# Finally test drove the trailer with the horses!



## Cacowgirl (Feb 19, 2011)

It will get easier, but good to always be aware that your "babies" are back there. I've seen some people really slam the horses around. I'm a little nervous to move my horses, as it is a 5-6 hour trip w/a trailer, but once they are "home" we can all relax a lot.


----------



## kait18 (Oct 11, 2011)

congrats i remember when i got my trailer in august and took 2 of my horses out. i was terrified. my dad had me practicing for a weeks without animals backing up, going straight, and turning lol. when it finally came to driving them around oh lord was i a nervous reck. thankfully my dad is a very calm person and really helped me learn to do things right.  my horses enjoyed there little road trip  but he said clean up was my job


----------



## Walkamile (Dec 29, 2008)

Congratulations Letagirlshowu!
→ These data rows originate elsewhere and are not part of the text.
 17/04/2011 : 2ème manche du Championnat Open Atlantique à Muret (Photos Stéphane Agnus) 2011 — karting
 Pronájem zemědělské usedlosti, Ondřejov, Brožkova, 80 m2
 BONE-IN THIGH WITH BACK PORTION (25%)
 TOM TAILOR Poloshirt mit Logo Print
I remember my first time trailering my horses. Took me twice as long as it should have, but we arrived safely and the horses were fine. Phew!

While I'm still a bit nervous, it's only for the idiot drivers that will wait and then pull out in front of me! :shock:


----------



## waresbear (Jun 18, 2011)

You'll get used it if you haul enough. Doesn't really take long, I have been hauling for decades but just got a brand new trailer this spring, took me twice to figure out how to back it, surprised me, I was quite good at it. You keep with it and it will be no big deal.


----------



## goneriding (Jun 6, 2011)

I cannot express enough having foresight when driving. There will always be an idiot like walkamile said pulling out in front of you. I have always said that when our youth take driving lessons they should have to learn to tow some type of trailer so they can understand when they get their license what is entailed when towing.


----------



## Darrin (Jul 11, 2011)

goneriding said:


> I cannot express enough having foresight when driving. There will always be an idiot like walkamile said pulling out in front of you. I have always said that when our youth take driving lessons they should have to learn to tow some type of trailer so they can understand when they get their license what is entailed when towing.
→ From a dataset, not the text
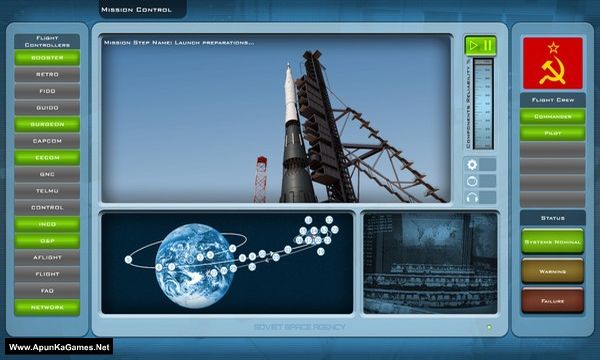 Buzz Aldrin's Space Program Manager Screenshot 2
That and take a couple ride alongs with a truck driver.


----------



## newhorsemom (Jun 20, 2008)

You are a huge inspiration to me! I'm still a nervous wreck driving around with an EMPTY trailer. However, I am determined to tow that horse by spring though.


----------



## Skyseternalangel (Jul 23, 2011)

I haven't even tried trailering.. the idea freaks the hecklefish out of me! So good on you, missy! And congrats on the successful but short n' sweet trip round town


----------



## OuttatheBlue (Dec 8, 2011)

Congratulations! I LOVE being able to trailer my horse, makes it so much easier than having to find someone to haul me whenever I want to go someplace other than the barn.


----------